**What is needed:** Write out all of the data without omission, exactly as shown.

**Available records:**
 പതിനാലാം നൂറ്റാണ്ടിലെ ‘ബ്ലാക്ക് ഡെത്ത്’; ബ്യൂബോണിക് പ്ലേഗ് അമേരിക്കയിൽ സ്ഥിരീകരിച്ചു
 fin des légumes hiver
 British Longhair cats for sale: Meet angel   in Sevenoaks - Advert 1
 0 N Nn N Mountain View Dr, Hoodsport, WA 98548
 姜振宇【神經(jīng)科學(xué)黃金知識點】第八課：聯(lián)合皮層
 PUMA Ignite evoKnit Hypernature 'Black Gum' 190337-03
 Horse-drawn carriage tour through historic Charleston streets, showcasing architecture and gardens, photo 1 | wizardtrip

**Response to this exercise:**
 പതിനാലാം നൂറ്റാണ്ടിലെ ‘ബ്ലാക്ക് ഡെത്ത്’; ബ്യൂബോണിക് പ്ലേഗ് അമേരിക്കയിൽ സ്ഥിരീകരിച്ചു
 fin des légumes hiver
 British Longhair cats for sale: Meet angel   in Sevenoaks - Advert 1
 0 N Nn N Mountain View Dr, Hoodsport, WA 98548
 姜振宇【神經(jīng)科學(xué)黃金知識點】第八課：聯(lián)合皮層
 PUMA Ignite evoKnit Hypernature 'Black Gum' 190337-03
 Horse-drawn carriage tour through historic Charleston streets, showcasing architecture and gardens, photo 1 | wizardtrip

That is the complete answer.